Но более всего понравился его высочеству третий сонет, в котором Данте обращался к Богу с просьбою отпустить его на землю, куда будто бы вернулась Беатриче в образе герцогини Миланской. «О, Юпитер! — восклицал Алигьери. — Так как ты опять подарил ее миру, позволь и мне быть с нею, дабы видеть того, кому Беатриче дарует блаженство», — то есть герцога Лодовико.
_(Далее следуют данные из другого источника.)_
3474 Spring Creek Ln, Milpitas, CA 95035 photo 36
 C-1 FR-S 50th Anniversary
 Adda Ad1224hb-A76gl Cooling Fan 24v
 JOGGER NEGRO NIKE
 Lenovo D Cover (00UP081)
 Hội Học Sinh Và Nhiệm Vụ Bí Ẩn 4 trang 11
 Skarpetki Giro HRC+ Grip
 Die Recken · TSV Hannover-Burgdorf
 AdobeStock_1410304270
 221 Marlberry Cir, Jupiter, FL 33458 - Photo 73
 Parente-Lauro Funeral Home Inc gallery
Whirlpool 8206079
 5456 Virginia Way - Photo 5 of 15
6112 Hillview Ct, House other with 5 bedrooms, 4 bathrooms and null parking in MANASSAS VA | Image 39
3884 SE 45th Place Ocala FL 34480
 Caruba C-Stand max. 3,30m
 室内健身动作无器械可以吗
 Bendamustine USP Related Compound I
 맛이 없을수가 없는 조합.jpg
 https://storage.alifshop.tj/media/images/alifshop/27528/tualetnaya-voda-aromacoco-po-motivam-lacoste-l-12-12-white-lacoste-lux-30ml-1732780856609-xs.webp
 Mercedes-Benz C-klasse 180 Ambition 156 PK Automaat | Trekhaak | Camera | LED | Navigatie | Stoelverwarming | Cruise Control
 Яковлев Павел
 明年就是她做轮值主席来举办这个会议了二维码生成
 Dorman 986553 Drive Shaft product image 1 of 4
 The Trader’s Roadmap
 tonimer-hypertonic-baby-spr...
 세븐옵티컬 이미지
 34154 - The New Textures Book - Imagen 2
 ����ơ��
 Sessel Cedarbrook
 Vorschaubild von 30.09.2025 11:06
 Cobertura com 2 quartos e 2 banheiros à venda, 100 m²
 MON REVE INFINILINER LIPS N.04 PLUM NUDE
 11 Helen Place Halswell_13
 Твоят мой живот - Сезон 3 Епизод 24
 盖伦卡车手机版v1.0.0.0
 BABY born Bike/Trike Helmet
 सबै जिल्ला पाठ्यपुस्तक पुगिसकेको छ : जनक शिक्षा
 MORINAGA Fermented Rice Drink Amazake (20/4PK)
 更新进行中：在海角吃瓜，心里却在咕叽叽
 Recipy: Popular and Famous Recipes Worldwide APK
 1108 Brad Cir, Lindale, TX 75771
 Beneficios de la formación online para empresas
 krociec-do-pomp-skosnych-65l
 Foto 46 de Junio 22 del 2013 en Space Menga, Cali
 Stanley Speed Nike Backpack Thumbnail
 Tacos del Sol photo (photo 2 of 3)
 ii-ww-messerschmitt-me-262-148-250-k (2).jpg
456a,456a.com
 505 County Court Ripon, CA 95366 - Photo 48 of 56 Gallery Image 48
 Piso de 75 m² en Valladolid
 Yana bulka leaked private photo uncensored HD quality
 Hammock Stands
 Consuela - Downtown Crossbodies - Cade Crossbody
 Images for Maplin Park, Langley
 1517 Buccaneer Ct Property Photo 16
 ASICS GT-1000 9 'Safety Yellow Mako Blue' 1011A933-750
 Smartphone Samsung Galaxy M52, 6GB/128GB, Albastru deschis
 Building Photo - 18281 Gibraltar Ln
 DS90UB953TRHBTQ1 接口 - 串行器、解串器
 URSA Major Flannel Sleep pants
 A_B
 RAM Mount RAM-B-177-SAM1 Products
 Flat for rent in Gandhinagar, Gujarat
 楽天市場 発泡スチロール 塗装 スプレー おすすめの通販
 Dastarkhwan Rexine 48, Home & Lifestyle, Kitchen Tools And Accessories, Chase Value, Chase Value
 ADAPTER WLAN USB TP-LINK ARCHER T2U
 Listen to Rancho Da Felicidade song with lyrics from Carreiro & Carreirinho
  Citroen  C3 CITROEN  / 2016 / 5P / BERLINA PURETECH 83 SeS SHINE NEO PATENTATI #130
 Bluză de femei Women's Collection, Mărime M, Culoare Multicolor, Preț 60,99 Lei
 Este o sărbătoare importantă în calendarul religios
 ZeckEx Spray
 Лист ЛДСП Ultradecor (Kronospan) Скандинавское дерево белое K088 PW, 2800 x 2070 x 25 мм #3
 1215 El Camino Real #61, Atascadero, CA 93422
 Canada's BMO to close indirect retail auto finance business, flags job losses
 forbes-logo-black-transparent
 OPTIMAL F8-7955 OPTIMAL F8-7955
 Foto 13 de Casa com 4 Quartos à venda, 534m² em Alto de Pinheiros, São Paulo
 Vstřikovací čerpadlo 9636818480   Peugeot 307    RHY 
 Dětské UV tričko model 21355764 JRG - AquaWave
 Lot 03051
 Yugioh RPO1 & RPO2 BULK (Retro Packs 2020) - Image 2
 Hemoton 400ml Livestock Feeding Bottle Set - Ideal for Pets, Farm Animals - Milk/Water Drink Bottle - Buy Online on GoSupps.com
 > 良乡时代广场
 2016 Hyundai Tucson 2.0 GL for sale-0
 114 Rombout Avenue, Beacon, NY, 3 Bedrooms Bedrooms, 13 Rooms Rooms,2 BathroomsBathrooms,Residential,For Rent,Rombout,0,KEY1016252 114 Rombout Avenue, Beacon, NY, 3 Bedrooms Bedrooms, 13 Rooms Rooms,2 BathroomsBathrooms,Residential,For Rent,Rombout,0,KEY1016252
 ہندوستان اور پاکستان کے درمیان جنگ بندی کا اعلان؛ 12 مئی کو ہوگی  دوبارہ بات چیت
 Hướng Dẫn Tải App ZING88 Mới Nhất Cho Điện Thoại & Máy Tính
Моро милостиво потрепал поэта по плечу и обещал ему сукна на шубу, причем Бернардо сумел выпросить и лисьего меха на воротник, уверяя с жалобными и шутовскими ужимками, что старая шуба его сделалась такою сквозною и прозрачною, «как вермишель, которая сушится на солнце».
— Прошлую зиму, — продолжал он клянчить, — за недостатком дров, я готов был сжечь не только собственную лестницу, но и деревянные башмаки св. Франциска!
Герцог рассмеялся и обещал ему дров.
Тогда, в порыве благодарности, поэт мгновенно сочинил и прочел хвалебное четверостишье:
Когда рабам своим ты обещаешь хлеб, Небесную, как Бог, ты им даруешь манну, — Зато все девять муз и сладкозвучный Феб, О, благородный Мавр [11], поют тебе осанну! — Ты, кажется, в ударе, Бернардо? Послушай-ка, мне нужно еще одно стихотворение.
— Любовное?
— Да. И страстное.
— Герцогине?
— Нет. Только смотри у меня, не проболтайся!
— О, синьор, вы меня обижаете. Да разве я когда-нибудь?..
— Ну, то-то же.
— Нет, нем как рыба!
Бернардо таинственно и почтительно заморгал глазами.
— Страстное? Ну а как? С мольбой или с благодарностью?
— С мольбой.
Поэт глубокомысленно сдвинул брови:
— Замужняя?
— Девушка.
— Так. Надо бы имя.
— Ну вот! Зачем имя?
— Если с мольбою, то не годится без имени.
— Мадонна Лукреция. А готового нет?
— Есть, да лучше бы свеженькое. Позвольте в соседний покой на минутку. Уж чувствую, выйдет недурно; рифмы в голову так и лезут.
Вошел паж и доложил:
— Мессер Леонардо да Винчи.
Захватив перо и бумагу, Беллинчони юркнул в одну дверь, между тем как в другую входил Леонардо.